Era um caso banal, mas serviu de combustível no clima de radicalização reinante na cidade. Em resposta, o chefe de polícia do Rio de Janeiro proibiu qualquer pessoa de dar vivas à República, medida que logo caiu em descrédito.

Enquanto isso, o governo perdia apoio no Congresso e, às vésperas da viagem do Conde d’Eu, caiu o Ministério de João Alfredo Correia de Oliveira – responsável pela aprovação da Lei Áurea. Em seu lugar assumiu o Visconde de Ouro Preto, chefe do último gabinete do Império. Aos 52 anos, deputado por Minas Gerais, ele era o candidato favorito da Princesa Isabel e todos viram na sua chegada ao poder, como uma preparação para o impopular Terceiro Reinado.

 

Ao assumir o governo, Ouro Preto apresentou ao Congresso um ambicioso programa de reformas.

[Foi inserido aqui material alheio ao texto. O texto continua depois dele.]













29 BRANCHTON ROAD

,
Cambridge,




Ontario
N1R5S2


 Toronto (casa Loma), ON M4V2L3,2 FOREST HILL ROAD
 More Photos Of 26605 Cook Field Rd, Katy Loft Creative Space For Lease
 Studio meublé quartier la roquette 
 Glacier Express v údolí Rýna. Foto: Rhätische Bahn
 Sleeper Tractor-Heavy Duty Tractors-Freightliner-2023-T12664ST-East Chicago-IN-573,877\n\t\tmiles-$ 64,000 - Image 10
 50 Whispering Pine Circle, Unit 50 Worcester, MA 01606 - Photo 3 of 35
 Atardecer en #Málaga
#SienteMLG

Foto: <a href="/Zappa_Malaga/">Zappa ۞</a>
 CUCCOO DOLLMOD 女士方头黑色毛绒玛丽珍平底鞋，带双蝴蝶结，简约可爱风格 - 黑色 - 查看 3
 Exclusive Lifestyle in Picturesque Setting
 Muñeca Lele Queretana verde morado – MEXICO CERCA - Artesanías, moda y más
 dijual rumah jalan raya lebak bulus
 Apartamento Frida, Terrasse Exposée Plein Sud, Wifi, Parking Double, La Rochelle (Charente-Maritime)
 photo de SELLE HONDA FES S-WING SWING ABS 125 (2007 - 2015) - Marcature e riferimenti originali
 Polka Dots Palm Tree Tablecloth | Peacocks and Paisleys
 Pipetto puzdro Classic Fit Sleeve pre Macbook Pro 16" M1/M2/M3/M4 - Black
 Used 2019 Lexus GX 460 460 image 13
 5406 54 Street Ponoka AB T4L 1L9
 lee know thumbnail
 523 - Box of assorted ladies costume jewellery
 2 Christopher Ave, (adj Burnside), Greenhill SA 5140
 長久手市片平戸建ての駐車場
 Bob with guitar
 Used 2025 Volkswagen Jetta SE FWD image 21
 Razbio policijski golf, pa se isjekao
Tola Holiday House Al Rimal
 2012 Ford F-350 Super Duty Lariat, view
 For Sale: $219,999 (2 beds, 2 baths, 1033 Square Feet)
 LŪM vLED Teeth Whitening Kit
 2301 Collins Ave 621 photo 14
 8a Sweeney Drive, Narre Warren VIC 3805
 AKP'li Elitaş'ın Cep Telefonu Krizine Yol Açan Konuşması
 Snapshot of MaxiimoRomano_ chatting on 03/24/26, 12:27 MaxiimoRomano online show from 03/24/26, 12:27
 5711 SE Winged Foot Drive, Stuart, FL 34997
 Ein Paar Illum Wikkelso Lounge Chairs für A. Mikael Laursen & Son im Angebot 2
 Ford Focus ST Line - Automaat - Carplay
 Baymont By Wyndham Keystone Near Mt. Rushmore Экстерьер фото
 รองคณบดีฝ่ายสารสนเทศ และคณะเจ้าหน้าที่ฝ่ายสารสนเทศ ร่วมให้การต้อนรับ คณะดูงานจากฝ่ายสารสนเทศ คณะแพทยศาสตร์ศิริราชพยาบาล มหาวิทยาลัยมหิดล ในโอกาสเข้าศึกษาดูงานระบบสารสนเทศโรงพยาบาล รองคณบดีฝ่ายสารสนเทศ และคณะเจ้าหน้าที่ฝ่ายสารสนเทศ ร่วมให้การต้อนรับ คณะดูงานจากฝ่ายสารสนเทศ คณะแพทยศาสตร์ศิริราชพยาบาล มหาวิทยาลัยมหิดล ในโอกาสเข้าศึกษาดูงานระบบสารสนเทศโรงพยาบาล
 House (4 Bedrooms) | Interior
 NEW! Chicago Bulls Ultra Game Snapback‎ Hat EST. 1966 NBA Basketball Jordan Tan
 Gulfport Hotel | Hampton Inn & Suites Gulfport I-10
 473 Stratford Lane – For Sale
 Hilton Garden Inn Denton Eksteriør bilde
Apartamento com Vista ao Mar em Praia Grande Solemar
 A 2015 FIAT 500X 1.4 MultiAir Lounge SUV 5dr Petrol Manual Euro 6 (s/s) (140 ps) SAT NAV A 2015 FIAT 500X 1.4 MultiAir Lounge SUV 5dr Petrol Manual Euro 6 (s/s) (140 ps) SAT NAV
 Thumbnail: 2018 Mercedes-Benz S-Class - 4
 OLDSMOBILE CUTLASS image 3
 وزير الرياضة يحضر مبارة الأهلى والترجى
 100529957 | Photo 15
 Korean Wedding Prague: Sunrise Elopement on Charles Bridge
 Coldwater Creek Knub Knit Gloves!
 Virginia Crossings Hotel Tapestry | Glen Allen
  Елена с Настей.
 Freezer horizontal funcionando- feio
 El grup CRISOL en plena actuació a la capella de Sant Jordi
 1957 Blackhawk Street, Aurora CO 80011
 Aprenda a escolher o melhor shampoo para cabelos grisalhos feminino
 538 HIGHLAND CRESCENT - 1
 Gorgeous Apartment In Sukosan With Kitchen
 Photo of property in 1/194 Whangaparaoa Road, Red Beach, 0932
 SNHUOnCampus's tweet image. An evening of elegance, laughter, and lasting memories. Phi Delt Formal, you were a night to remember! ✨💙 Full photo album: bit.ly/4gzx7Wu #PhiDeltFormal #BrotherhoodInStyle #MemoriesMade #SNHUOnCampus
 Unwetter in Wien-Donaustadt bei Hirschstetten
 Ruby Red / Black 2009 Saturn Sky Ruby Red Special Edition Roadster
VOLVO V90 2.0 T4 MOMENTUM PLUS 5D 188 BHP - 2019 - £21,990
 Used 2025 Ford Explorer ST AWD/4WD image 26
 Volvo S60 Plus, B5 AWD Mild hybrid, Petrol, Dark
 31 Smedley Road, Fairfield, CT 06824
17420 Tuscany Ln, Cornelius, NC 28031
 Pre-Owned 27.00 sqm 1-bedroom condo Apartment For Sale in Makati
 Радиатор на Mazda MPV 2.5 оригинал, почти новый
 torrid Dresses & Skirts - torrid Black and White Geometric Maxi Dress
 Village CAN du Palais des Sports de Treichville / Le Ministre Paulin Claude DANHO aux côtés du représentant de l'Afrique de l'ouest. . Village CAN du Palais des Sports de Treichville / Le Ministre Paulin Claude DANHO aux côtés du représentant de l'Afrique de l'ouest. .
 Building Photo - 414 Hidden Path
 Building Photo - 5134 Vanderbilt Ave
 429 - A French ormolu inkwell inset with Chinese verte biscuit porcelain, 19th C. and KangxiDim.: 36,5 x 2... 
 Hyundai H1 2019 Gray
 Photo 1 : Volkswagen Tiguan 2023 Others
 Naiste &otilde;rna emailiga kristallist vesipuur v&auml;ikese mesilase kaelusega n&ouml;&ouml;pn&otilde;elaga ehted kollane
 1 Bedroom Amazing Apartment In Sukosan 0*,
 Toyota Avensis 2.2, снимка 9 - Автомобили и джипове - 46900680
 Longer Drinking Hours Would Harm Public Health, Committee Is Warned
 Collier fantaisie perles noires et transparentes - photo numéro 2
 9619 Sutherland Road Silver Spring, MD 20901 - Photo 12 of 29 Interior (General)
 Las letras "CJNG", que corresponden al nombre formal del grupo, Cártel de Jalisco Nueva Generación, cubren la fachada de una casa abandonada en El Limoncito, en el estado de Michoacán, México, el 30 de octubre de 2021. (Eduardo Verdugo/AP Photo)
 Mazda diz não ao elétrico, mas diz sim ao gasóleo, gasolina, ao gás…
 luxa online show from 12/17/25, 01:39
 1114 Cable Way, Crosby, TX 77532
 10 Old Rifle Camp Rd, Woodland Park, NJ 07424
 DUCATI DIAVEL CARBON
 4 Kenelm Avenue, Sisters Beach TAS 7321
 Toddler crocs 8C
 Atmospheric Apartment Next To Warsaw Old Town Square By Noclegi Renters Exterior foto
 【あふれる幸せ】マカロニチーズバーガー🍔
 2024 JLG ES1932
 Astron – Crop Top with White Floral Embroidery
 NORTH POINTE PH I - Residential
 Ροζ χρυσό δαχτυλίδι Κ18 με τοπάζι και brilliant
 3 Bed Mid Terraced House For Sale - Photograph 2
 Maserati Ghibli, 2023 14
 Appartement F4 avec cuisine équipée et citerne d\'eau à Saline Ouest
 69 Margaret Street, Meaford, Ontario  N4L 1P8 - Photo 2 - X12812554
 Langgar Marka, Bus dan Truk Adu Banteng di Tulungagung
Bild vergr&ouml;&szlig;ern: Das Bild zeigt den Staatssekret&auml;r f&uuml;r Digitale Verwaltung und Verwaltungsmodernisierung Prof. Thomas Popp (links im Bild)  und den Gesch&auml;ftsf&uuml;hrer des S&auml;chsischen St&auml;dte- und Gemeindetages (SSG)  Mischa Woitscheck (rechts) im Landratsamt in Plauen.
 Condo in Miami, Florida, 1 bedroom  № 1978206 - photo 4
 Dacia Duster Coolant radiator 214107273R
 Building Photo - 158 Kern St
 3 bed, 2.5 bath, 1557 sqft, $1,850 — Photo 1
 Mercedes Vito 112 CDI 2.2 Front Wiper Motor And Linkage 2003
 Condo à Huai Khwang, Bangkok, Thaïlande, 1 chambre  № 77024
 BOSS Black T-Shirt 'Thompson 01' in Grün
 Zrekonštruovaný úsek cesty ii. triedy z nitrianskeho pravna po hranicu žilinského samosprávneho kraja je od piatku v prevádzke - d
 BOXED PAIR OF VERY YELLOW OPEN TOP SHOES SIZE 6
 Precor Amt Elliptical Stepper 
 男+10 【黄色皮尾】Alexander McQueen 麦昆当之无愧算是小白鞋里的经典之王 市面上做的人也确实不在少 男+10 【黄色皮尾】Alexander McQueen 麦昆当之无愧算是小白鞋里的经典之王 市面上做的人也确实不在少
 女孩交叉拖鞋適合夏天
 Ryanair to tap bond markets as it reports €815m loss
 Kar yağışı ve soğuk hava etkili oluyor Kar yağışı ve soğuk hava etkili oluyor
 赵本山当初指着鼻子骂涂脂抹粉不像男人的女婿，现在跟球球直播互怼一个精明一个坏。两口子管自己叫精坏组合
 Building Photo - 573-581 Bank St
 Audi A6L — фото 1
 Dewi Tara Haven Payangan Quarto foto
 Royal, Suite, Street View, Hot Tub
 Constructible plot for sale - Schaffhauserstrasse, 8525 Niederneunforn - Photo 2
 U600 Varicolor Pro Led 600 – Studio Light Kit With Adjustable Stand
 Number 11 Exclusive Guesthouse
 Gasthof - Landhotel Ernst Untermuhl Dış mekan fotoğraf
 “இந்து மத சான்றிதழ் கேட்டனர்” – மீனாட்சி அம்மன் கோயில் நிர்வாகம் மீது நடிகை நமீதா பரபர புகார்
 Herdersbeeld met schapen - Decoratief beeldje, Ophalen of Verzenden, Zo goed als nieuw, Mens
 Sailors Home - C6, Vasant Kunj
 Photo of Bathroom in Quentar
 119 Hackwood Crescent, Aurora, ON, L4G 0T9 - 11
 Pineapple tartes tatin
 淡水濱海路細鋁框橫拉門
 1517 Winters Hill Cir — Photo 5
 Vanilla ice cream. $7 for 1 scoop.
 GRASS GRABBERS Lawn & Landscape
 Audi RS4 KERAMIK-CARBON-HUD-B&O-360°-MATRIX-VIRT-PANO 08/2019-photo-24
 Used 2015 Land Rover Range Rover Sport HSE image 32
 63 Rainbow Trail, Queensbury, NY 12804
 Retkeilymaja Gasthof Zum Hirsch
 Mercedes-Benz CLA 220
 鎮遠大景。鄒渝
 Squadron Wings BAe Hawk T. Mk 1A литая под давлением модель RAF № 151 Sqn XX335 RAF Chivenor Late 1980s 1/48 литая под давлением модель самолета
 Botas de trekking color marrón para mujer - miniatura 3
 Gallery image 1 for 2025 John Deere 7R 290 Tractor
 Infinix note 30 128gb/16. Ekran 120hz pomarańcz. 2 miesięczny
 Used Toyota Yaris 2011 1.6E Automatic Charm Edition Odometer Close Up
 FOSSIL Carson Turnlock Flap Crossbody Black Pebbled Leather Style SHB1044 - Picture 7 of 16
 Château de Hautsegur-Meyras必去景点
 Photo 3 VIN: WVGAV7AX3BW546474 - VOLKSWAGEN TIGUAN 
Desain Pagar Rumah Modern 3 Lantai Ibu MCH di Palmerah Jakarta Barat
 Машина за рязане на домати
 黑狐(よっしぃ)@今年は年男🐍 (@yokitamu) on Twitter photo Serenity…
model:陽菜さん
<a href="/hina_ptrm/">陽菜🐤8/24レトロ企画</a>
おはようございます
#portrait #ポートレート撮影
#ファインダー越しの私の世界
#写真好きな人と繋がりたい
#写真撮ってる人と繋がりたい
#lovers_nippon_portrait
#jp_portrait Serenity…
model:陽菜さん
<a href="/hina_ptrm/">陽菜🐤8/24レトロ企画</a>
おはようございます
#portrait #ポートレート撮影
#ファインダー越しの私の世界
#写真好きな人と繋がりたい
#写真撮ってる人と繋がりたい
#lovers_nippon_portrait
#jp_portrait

Propôs o fim da vitaliciedade no Senado, a redução dos poderes do Conselho de Estado, que passaria a seu um órgão meramente administrativo, sem funções executivas, a eleição das autoridades municipais, a escolha dos presidentes das províncias entre os mais votados (e não mais por indicação do Imperador), o sufrágio universal, liberdade de culto e a reforma no sistema de educação a fim de estimular a iniciativa privada.

À primeira vista era um programa ousado, mas na prática tratava-se da mesma proposta apresentada duas décadas antes, pelo mesmo Partido Liberal – agora comandado por Ouro Preto – sem nunca ter sido colocada em prática. Para os republicanos era mais uma demonstração de que o Império não seria capaz de reformar-se a si mesmo.

Mas, até aquele momento Ouro Preto ainda acreditava que o Império teria condições de atender às reivindicações que vinham das ruas e, dessa forma, assegurar a própria sobrevivência, pelo menos por mais algum tempo. Foi desmentido pelos acontecimentos das semanas seguintes.

Irritado com a apresentação do programa de reformas dos liberais, o deputado Gomes de castro apresentou uma moção de desconfiança ao Ministério, que foi aprovada por 79 votos contra 20. Diante do impasse produzido pela moção, o Imperador decidiu dissolver a Câmara e convocar novas eleições, em uma tentativa de recompor a base aliada no Parlamento.

Realizado em 31 de agosto, o pleito conferiu maioria esmagadora ao partido do governo, como tinha acontecido ao longo de todo o Segundo Reinado. No entanto, dessa vez, os novos deputados não teriam tempo de assumir seus mandatos, pois a República chegou antes.